The reply should contain all the data below, repeated exactly, and none of the images.

(Source records)
[Start of section]

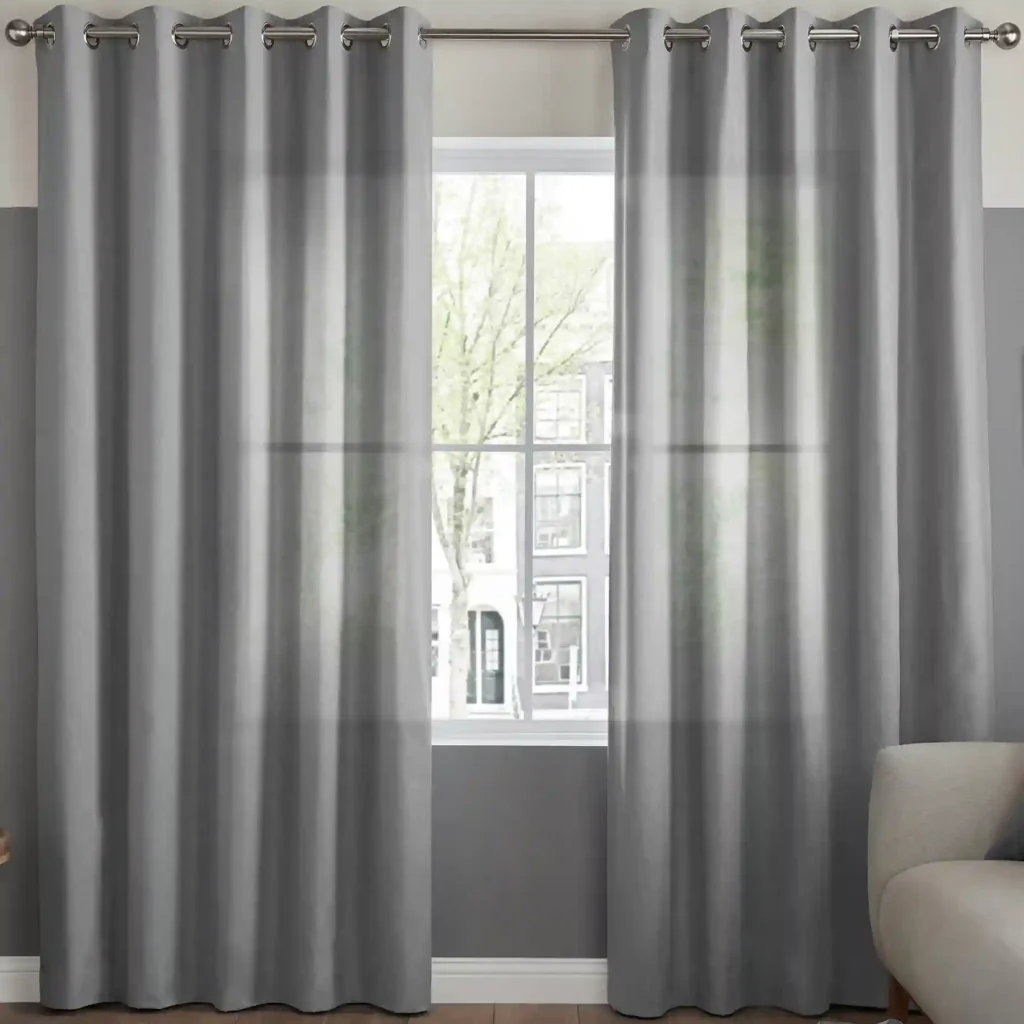 Voile Curtains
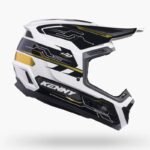 Casque BMX Kenny Performance Edition Limitee Joris Daudet vue de face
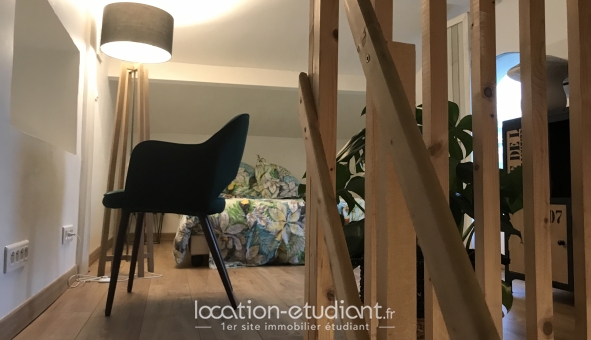 Logement étudiant Studio à Toulon (83200)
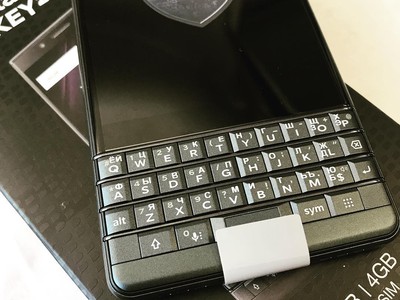 Гравировка клавиатуры blackberry key2 LE (русификация клавиатуры)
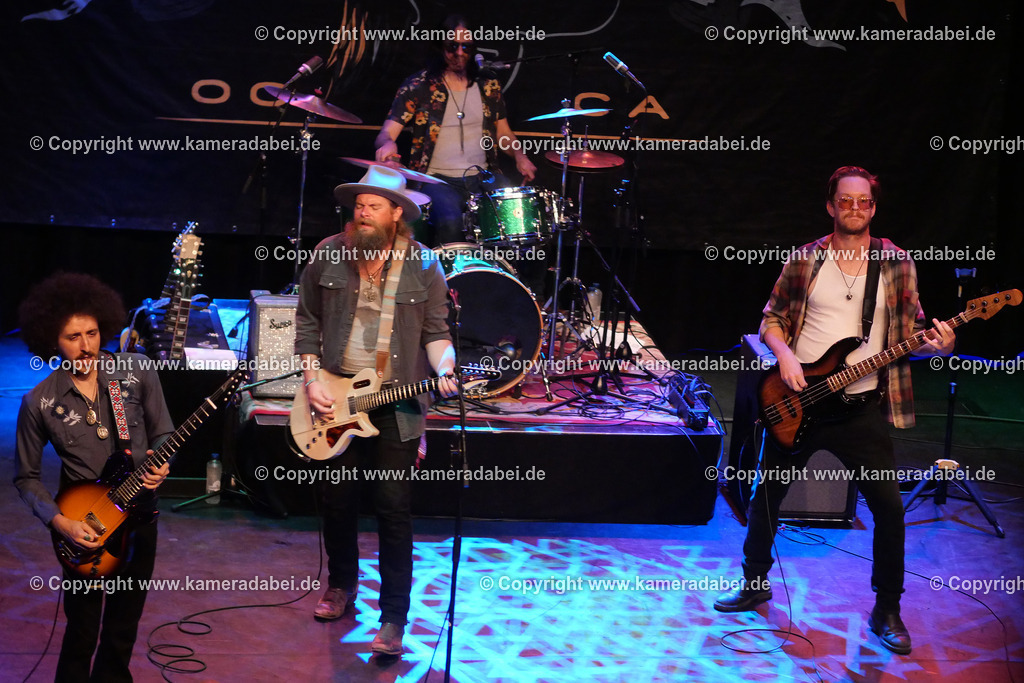 Robert Jon & the Wreck am 02.05.2025 im Grenswerk Venlo | Konzert von Robert Jon &amp; the Wreck am 02.05.2025 im Grenswerk Venlo - Realisiert mit Pictrs.com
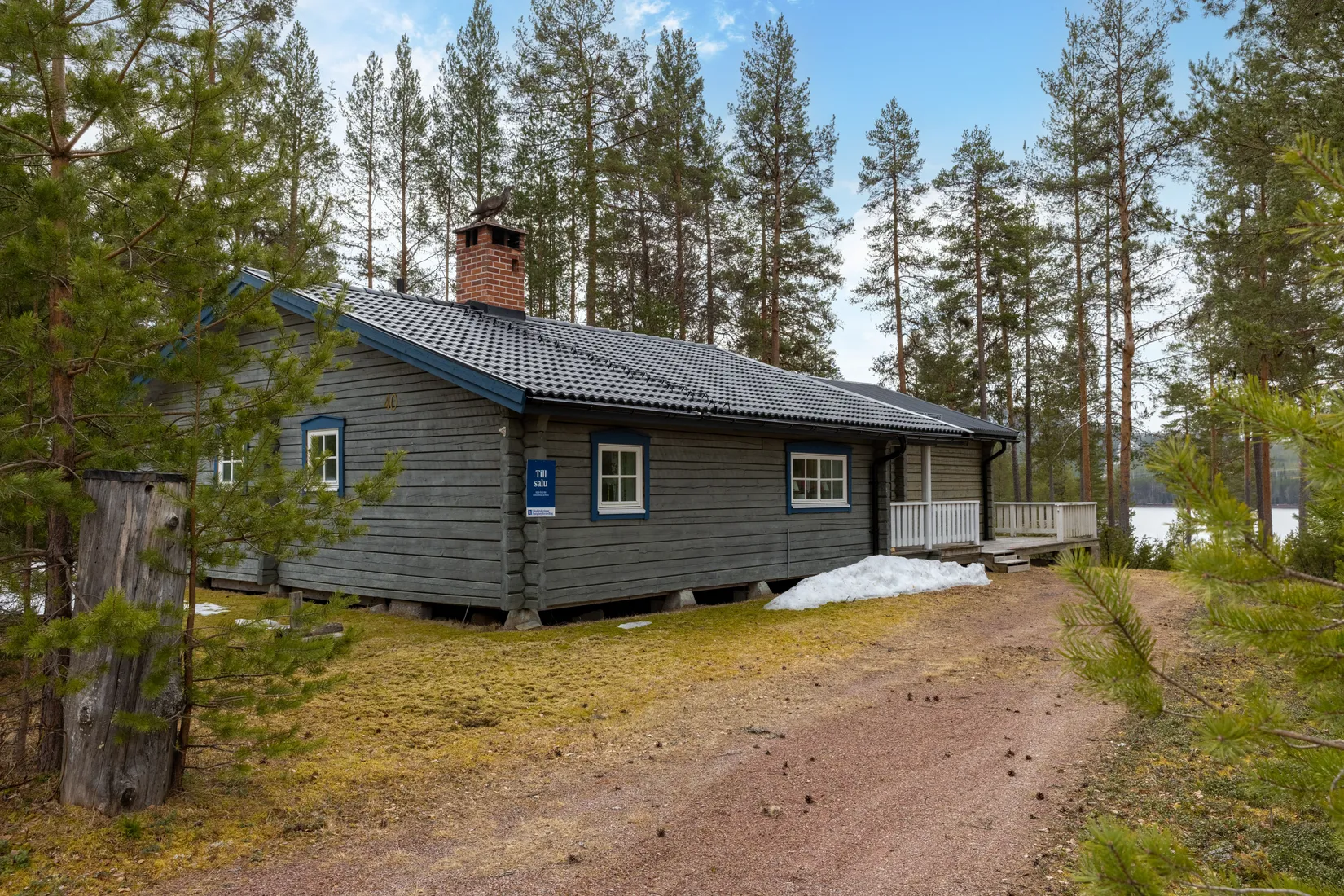 Fritidshus, Stugbyvägen 40, Åsen, Älvdalen
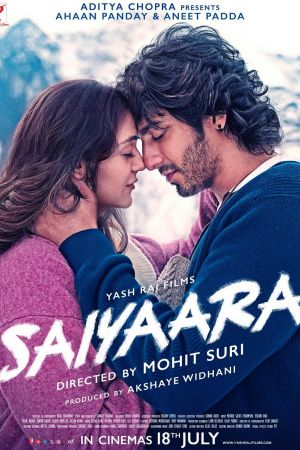 Saiyaara poster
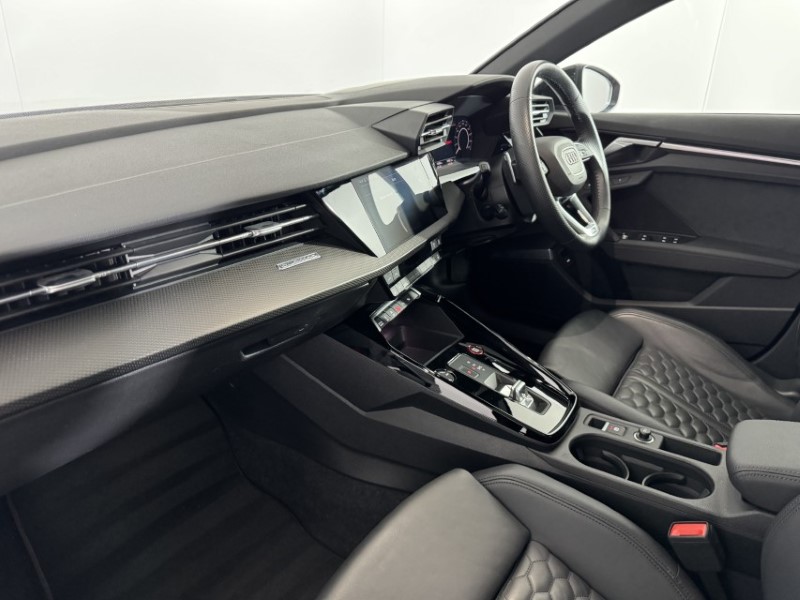 2022 (22) AUDI RS3 RS 3 TFSI Quattro Vorsprung 4dr S Tronic 5543449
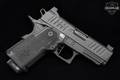 Staccato (STI) CS Optic Ready 2011 9mm Luger Black DLC in Excellent Condition Image 3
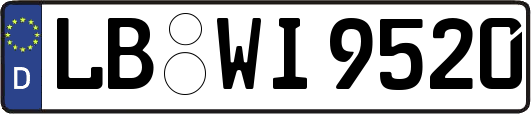 LB-WI9520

[End of section]

◆ **EXERCISE OUTPUT**:
 Voile Curtains
 Casque BMX Kenny Performance Edition Limitee Joris Daudet vue de face
 Logement étudiant Studio à Toulon (83200)
 Гравировка клавиатуры blackberry key2 LE (русификация клавиатуры)
 Robert Jon & the Wreck am 02.05.2025 im Grenswerk Venlo | Konzert von Robert Jon &amp; the Wreck am 02.05.2025 im Grenswerk Venlo - Realisiert mit Pictrs.com
 Fritidshus, Stugbyvägen 40, Åsen, Älvdalen
 Saiyaara poster
 2022 (22) AUDI RS3 RS 3 TFSI Quattro Vorsprung 4dr S Tronic 5543449
 Staccato (STI) CS Optic Ready 2011 9mm Luger Black DLC in Excellent Condition Image 3
 LB-WI9520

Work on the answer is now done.